I am assuming you have the latest version of Python installed (as of this date, it should be v. 3.7.3). We are going to need a few libraries for this: Poppler, pdf2image, tesseract and pytesseract.

pdf2image is a Python library that wraps Poppler, which is a PDF rendering library. Tesseract is an open-source OCR (optical character recognition) engine developed by Google ( https://opensource.google/projects/tesseract). And pytesseract wraps this open-source library for Python.

Tesseract is an OCR engine with support for unicode and the ability to recognize more than 100 languages out of the box. It can be trained to recognize other languages. (Source: https://opensource.google/projects/tesseract)

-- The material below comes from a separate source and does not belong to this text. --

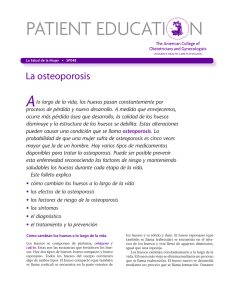 Patient Education Pamphlet, SP048, La osteoporosis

Let’s start with installing all the required libraries. For installing Tesseract and Poppler, I am relying on homebrew this time (I usually prefer to build from source manually). For installing the Python libraries, I am going to use the package installer PIP3 which is suitable for all Python 3 versions.

brew install tesseract poppler
pip3 install pdf2image pytesseract

Next we are going to write our simple script that will:

Take a PDF with images (e. g. a letter)
Convert the PDF into a series of pages
Iterate over the pages and save them as images to the disk
Read the images and read the text into a string

import PIL
import pytesseract
import pdf2image

# Convert PDF contents to pages
pages = pdf2image.convert_from_path('letter.pdf', 500)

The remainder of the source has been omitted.